在通过feature_sampling提取特征后，将得到的output首先和attention_weigth相乘，然后连续三个sum(-1)，将不同相机，不同尺度的feature直接相加，将这些特征都融合再一起，再通过一个out_proj的线性层，将这些特征转换到与query相同的维度，最后的输出就是提取到的特征和原始的query以及reference_points3d的位置编码的和。

在经过每一层的decoder layer之后，会有一个回归分支来预测bbox,会根据预测出的bbox来更新reference point

整个Detr3DTransformerDecoder的代码如下：

  		output = query
        intermediate = []
        intermediate_reference_points = []
        for lid, layer in enumerate(self.layers):
            reference_points_input = reference_points
            # 由此进入DetrTransformerDecoderLayer
            # 返回的output为[900,1,256]
            output = layer(
                output,
                *args,
                reference_points=reference_points_input,
                **kwargs)
            output = output.permute(1, 0, 2)
			
            if reg_branches is not None:
                tmp = reg_branches[lid](output)
                
                assert reference_points.shape[-1] == 3

                new_reference_points = torch.zeros_like(reference_points)
				# x y
                new_reference_points[..., :2] = tmp[
                    ..., :2] + inverse_sigmoid(reference_points[..., :2])
                 # z
                new_reference_points[..., 2:3] = tmp[
                    ..., 4:5] + inverse_sigmoid(reference_points[..., 2:3])
                
                new_reference_points = new_reference_points.sigmoid()

                reference_points = new_reference_points.detach()

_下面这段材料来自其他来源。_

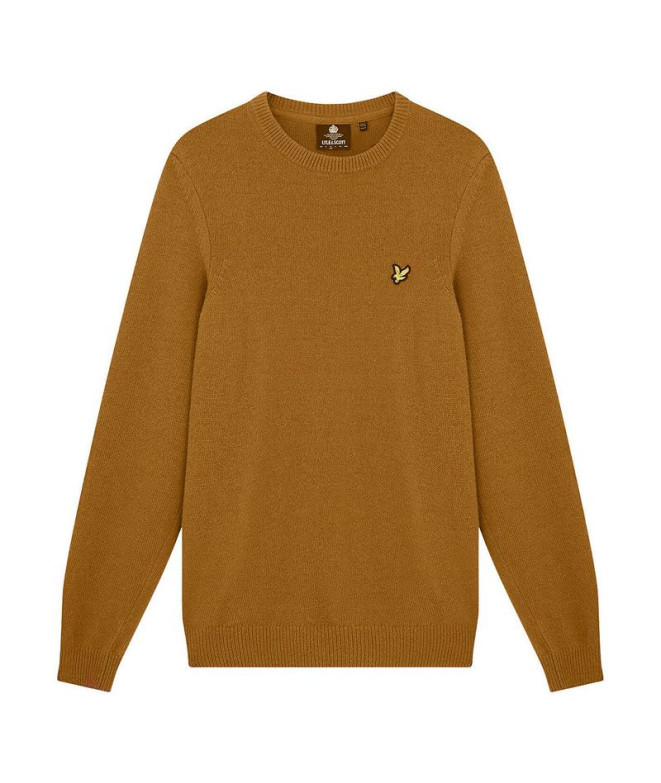 Lyle & ScottV1-Sweatshirt à col roulé Gold Man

            output = output.permute(1, 0, 2)
            if self.return_intermediate:
                intermediate.append(output)
                intermediate_reference_points.append(reference_points)

        if self.return_intermediate:
            return torch.stack(intermediate), torch.stack(
                intermediate_reference_points)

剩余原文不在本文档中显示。